For agents, one source of friction is the hassle of getting started on another issuer's system. (Photo: iStock)
5. Getting started
Agents expressed unhappiness with their top carrier's efforts to get new agents into their systems.
Only about half said their top carrier offers a good or great onboarding process. About 80 percent said carriers could persuade them to give them more business by improving their onboarding processes.
Agents say they'll put up with some web store hassles if they like what's on the shelves. (Photo: Thinkstock)
6. Products v. onboarding
Although some agents hate their top carrier's onboarding, they seem to care more about working with an insurer with good, well-priced products than about onboarding systems.
When Celent forced agents to compare the importance of "competitive products" and several types of insurer service and support capabilities, more than 80 percent of the agents classified competitive products as a must-have.
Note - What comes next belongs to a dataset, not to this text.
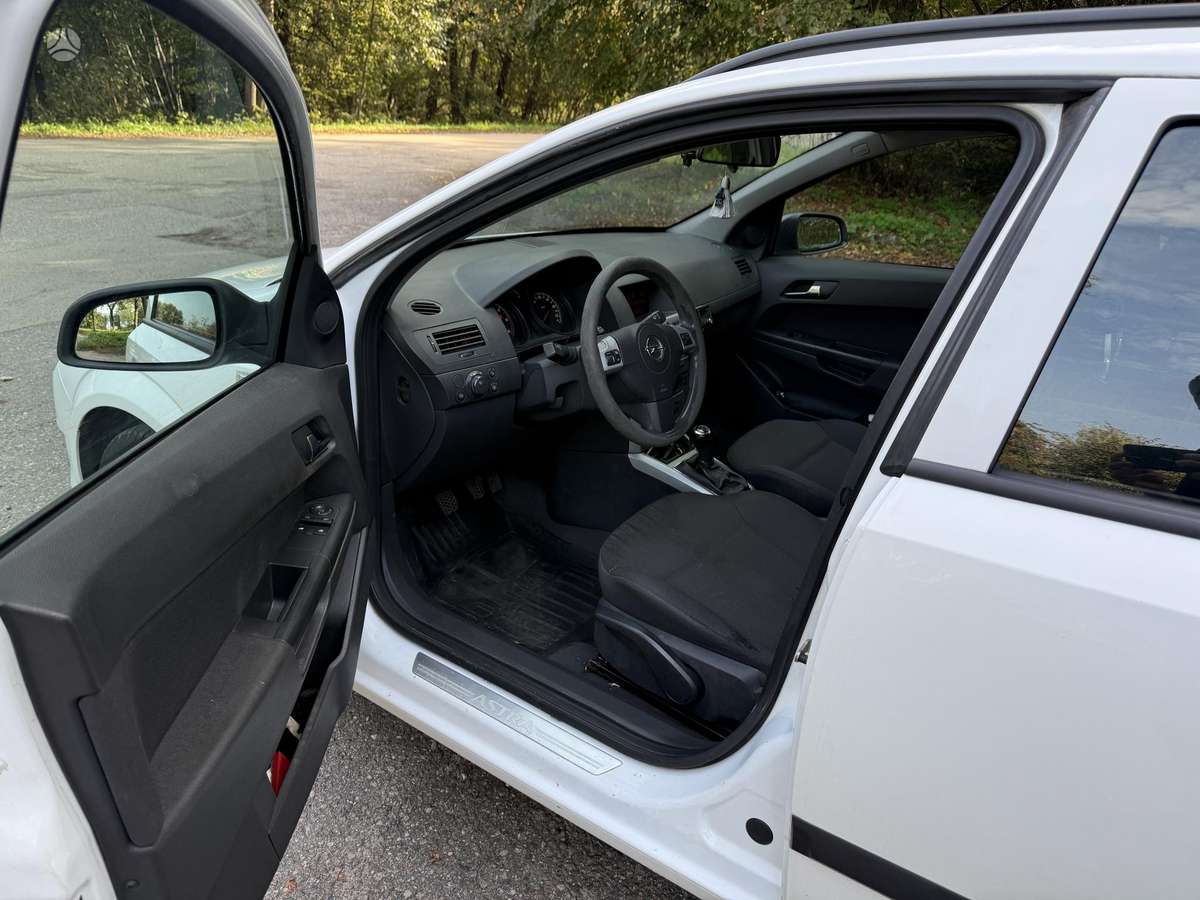 Opel Astra 2009 — photo 9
Only about 40 percent described good producer onboarding systems as a must-have.
Related: Group benefits underwriting: Stodgy?
For agents, the quality of the web-based tools appears to be the bread, and the quality of mobile tools appears to be the butter. (Photo: Steve Ausmus/USDA)
7. Web bread v. mobile butter
Another lesson from the Celent survey results is that agents tend to be a little more interested in traditional information technology than in mobile support.
More than 50 percent of the agents described an insurer's "technology capabilities" as a must-have, compared with just 30 percent who described mobile tools that way.
In response to other questions, online quick quote systems received high marks. About 70 percent of the agents rated the quick quote systems as a must-have.